R Tools for Eurostat Open Data

This rOpenGov R package provides tools to access Eurostat database, which you can also browse on-line for the data sets and documentation. For contact information and source code, see the package website.

# Global options
library(knitr)
opts_chunk$set(fig.path = "fig/")
options(citation.bibtex.max=999)

Installation

Release version (CRAN):

install.packages("eurostat")

Development version (Github):

library(remotes)
remotes::install_github("ropengov/eurostat")

Alternatively, development versions (more specifically: development versions in the master branch of eurostat GitHub repository) can be installed with the help of R-universe:

# Enable this universe
options(repos = c(
  ropengov = "https://ropengov.r-universe.dev",
  CRAN = "https://cloud.r-project.org"
))

install.packages("eurostat")

The package is loaded with the library function.

library(eurostat)

Overall, the eurostat package includes the following user-facing functions:

cat(paste0(library(help = "eurostat")$info[[2]], collapse = "\n"))
evaluate <- curl::has_internet()

Finding data

First stop for most researchers would be to browse the Eurostat Data Browser website or other thematically arranged sections in the Eurostat website. However, the eurostat R package offers some ways to search for datasets without leaving the R interface.

Function get_eurostat_toc() downloads a table of contents (TOC) of eurostat datasets.

# Load the package
library(eurostat)

# Get Eurostat data listing
toc <- get_eurostat_toc()

# Check the first items
library(knitr)
kable(tail(toc))

The values in column 'code' are unique identifiers for each dataset that have to be used when downloading specific datasets. In the get_eurostat() function the dataset code is put into the first argument of the function, id.

From eurostat version 4.0.0 onwards the returned TOC object has had an additional column, hierarchy. It is used to determine which dataset belongs to which folder. This is helpful for example when downloading datasets in a single folder all at once.

From eurostat version 4.0.0 onwards it is possible to download TOC objects in French and German as well, in addition to English, which remains the default option. This enables new functionalities in other eurostat functions that have used the TOC object internally but retains backwards-compatibility with old code as the lang argument is not mandatory and queries without it continue to deliver the English version of the TOC object.

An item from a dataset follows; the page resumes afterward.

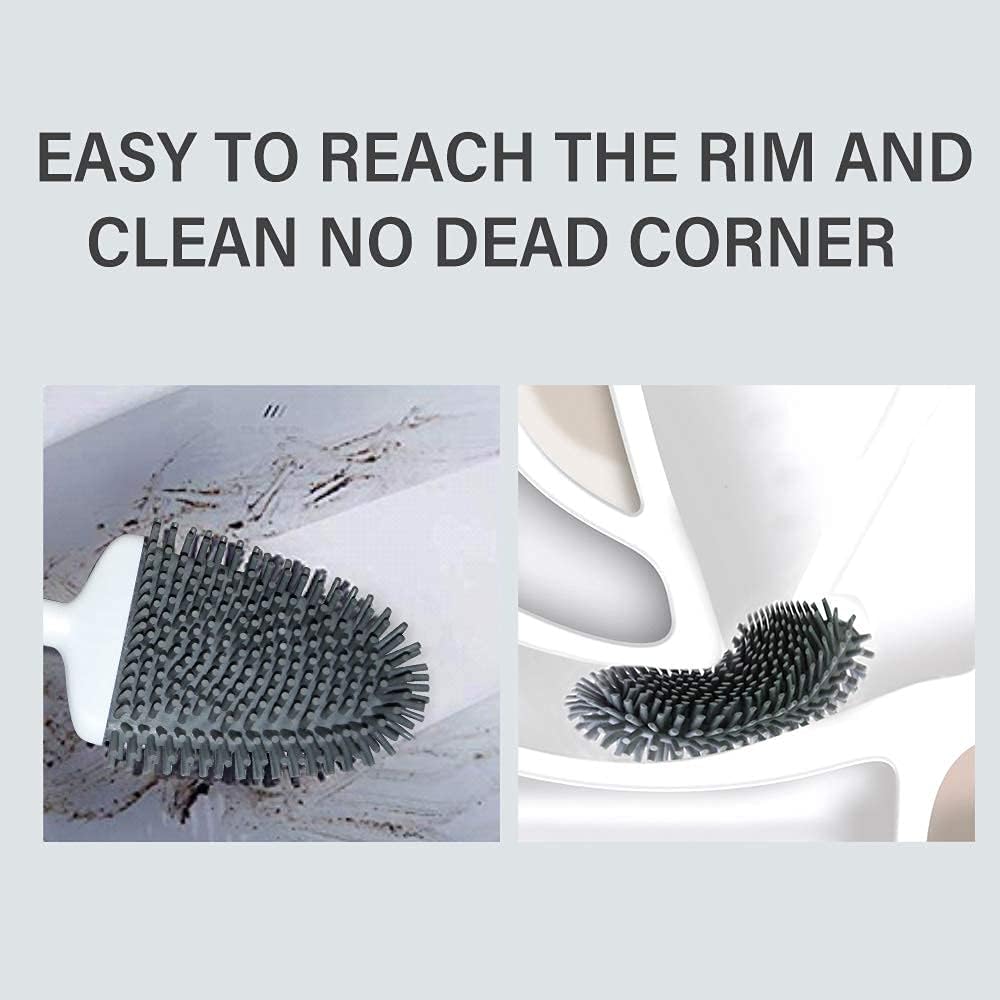 Sellemer Toilet Brush and Holder Set for Bathroom, Flexible Toilet Bowl Brush Head with Silicone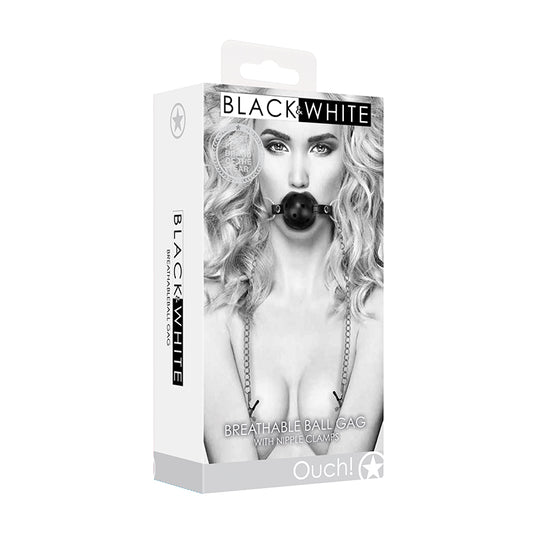 Ouch! Black & White Breathable Ball Gag With Nipple Clamps Black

kable(head(get_eurostat_toc(lang = "fr")))

With search_eurostat() you can search the table of contents for particular patterns, e.g. all datasets related to passenger transport. With the type argument the user can choose which types of datasets the search should return: datasets, tables, folders or all types (the default).

According to Eurostat database basic terminology "tables (predefined tables) are used to provide easy access to the main statistical indicators. They are based in general on datasets and are derived from them. They are predefined, non-modifiable and presented as two or three dimensional tables." The more general purpose datasets are, on the other hand, described to be "multi-dimensional tables" that have "up to 8 dimensions" and are used "store the base data, more appropriate for use by statistical and other experts via special applications".

# info about passengers
kable(head(search_eurostat("passenger transport")))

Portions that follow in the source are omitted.